Since launching in 2006, over 1 billion original literary pieces have been uploaded, feature films have been created for streaming services, and an average of 85 million users reportedly visit the app each month to create and consume – 80% of whom are millennials or Gen Z.

Over the last five years, $10 million has been paid out to Wattpad authors through a feature called ‘Paid Stories’, according to TechCrunch.

Billed as a revolutionary way to create revenue streams for its contributors, the 2019 change basically introduced a paywall to view content that could be unlocked through spending in-app currency called ‘coins’.

Packs for these – beginning at $0.99 for nine coins and maxing out at $7.99 for 230 coins – allowed the company to pay creators while taking a cut of the redirected cashflow.

Alternatively, users could pay a monthly subscription fee of $7.99 to unlock all content and the system worked relatively well.

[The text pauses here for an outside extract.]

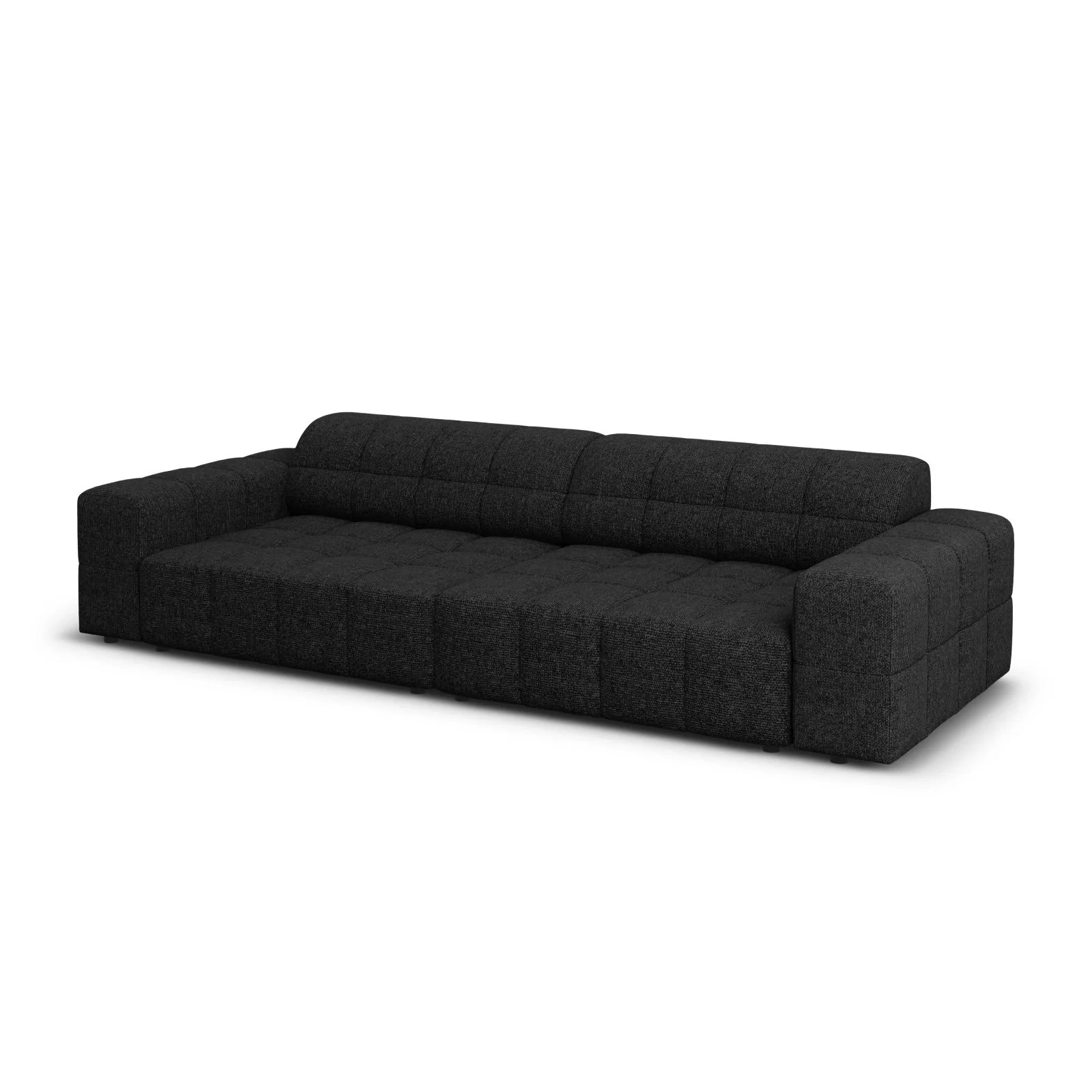 Chicago 4-Sitzer Sofa aus Samt oder Chenille, 244x102x70 cm - Image 40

In lieu of taking Wattpad to the next level, however, seniors at the company have now decided to scrap Paid Stories entirely and implement a freemium model with more immediate benefits for authors and readers dubbed ‘Wattpad Originals’.

On the former, the update is intended to give authors the best of both worlds regarding monetisation and growing their audience, instead of focusing on one to the detriment of the other.

‘It was harder for a story to go viral or suddenly pick up new readers at the same rate as a free story. So, for some authors, the program created a difficult choice between quickly growing the readership for a free story or monetising and accepting the potential of slower audience growth,’ said head of content Nick Uskoski.

In order to eliminate this disparity, after a story is uploaded (whether in full or a rolling chapter basis) authors can now choose specific points at which to add a paywall. While previously, readers would be blocked off as the default, they can now try before they buy.

Alternatively, readers can choose to wait out incremental periods to unlock content for free. Whenever a new chapter is added to a live story, for instance, the previous one will instantly become available to view for no charge.

‘For the most recent story in a series, only the most recent ten chapters will ever be behind a paywall,’ Wattpad explains. ‘Readers will be able to see how long they need to wait until the next part will be available for free.’

Provided we see the changes actioned without any surprise caveats, it sounds like Wattpad is on it’s way to becoming less restrictive and more inclusive. At it’s core, the site recommends that the creatives be supported for their endeavours, but further agency is given to the user.

Hopefully authors and bookworms alike take to the changes.